A ação é uma parceria estabelecida entre a Associação dos Artistas Amigos da Praça, organização gestora da SP Escola de Teatro, e a Universidade das Artes de Folkwang, na Alemanha. Um dos principais projetos que envolvem esta celebração será a encenação de “Lisístrata”, de Aristófanes, em um projeto multicultural com elenco integralmente feminino.
As quatro aprendizes da Escola devem contracenar com mais quatro atrizes nigerianas, quatro do Chipre e quatro estudantes de jazz da universidade alemã. A residência artística ocorre de 19 de abril a 14 de maio de 2017.
As atrizes brasileiras foram selecionadas após três dias de testes e ensaios com o diretor inglês Brian Michaels, coordenador do projeto. Elas dividem a experiência e suas expectativas a seguir.
Carol Rodrigues
É enriquecedor quando nossas expectativas são surpreendidas e superadas. Nós, artistas, sabemos que a preparação e a espera para uma audição é cruel, mas lá estávamos oito mulheres numa terça-feira fria e cinza, com os nervos à flor da pele, prontas (nem tanto) para o teste. A situação piorou com a chegada do diretor anglo-germânico… Foi chegada a hora, quem seria a primeira? Nem precisamos escolher, pois sensivelmente ele percebeu que aquela atmosfera de avaliação era inadequada, nem um pouco produtiva e nem mesmo favorável para o momento… Ufa.
Começamos com a típica apresentação, nomes, idades, experiências e, naturalmente, nossos assuntos convergiram para como seria o trabalho com Brian Michaels e sobre a montagem da peça “Lisístrata”, em Pafos. Ele prontamente nos explicou sobre seu método e técnicas aplicadas ao trabalho de corpo, como também seus interesses e projeções para esse intercâmbio, já que a montagem envolve também atrizes da Nigéria, Alemanha e Chipre.
Partimos então para a parte prática e pudemos experimentar a preparação e o método de criação utilizado pelo diretor, que, basicamente, permeia a simplicidade da ação do caminhar (e suas velocidades) e aposta na linguagem genuína do corpo como força motora e intuitiva do agir. Ele queria apenas nos conhecer, dizia.
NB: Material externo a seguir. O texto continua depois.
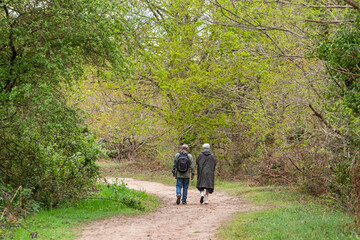 Retired couple walking through Réserve Naturelle Nationale du Marais d'Orx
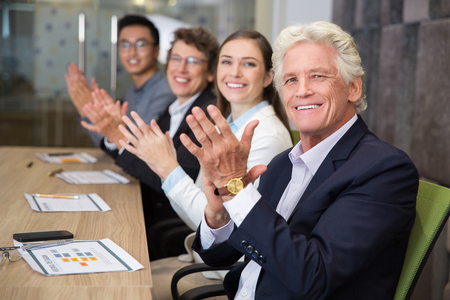 Group of four cheerful business people applauding and looking at camera. Portrait of satisfied colleagues sitting in row. Presentation or conference conceptの写真素材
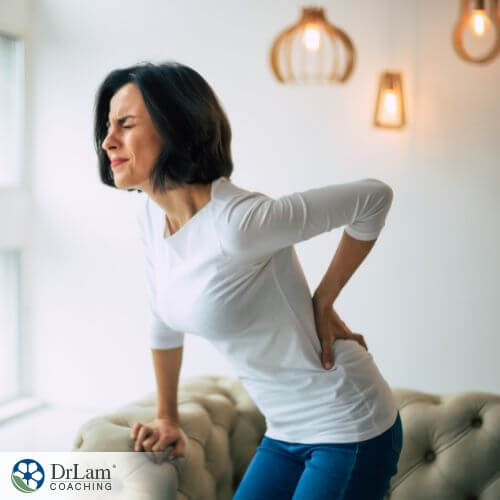 An image of a woman holding her lower back in pain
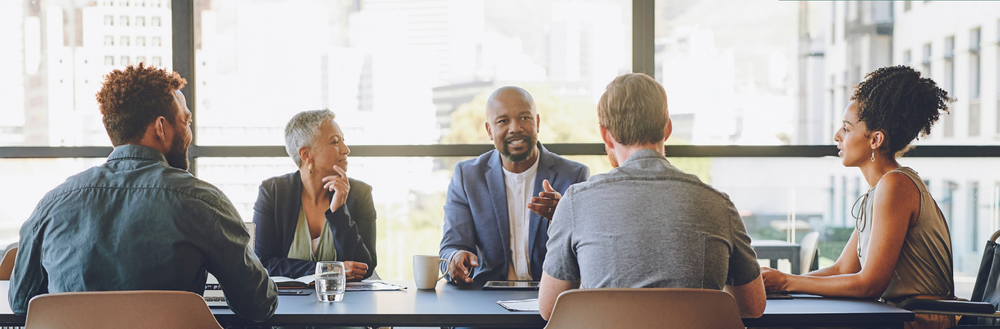 A diverse team uses inclusive communication to enhance collaboration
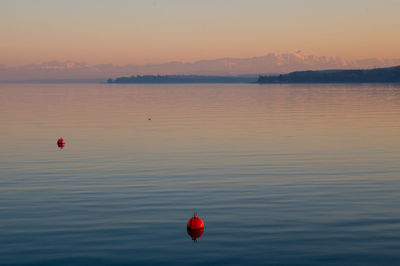 Red balloons in sea against sky during sunset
Depois de dois dias de imersão nesse trabalho, nossas cenas foram vistas. Não só por ele como todas nós também. Foi uma comunhão bonita, leve e, acima de tudo, celebrada. Falamos sobre mulheres, sobre ser mulher, sobre feminismo, sobre “Lisístrata”, arte e nós. A seleção das atrizes viria a acontecer por razões óbvias, afinal esse era o objetivo, e se é pra ser assim façamos com dignidade, sensibilidade e celebração. Assim foi.
Clara Cury
Gostei muito de conhecer o diretor Brian Michaels e me entusiasmou muito a sua concepção sobre o projeto e seu modo de trabalhar com a ressignificação de textos clássicos na atualidade. Sua abordagem inicial em qualquer projeto parte do corpo e do ator em plena conexão com o próprio corpo após exercícios de caminhadas pelo espaço que duram em torno de uma hora. O propósito é encontrar as respostas para as inquietações do trabalho em questão nos impulsos do corpo, ao mesmo tempo em que a história individual e a visão de mundo de cada ator o move na estruturação das bases do processo de criação do grupo.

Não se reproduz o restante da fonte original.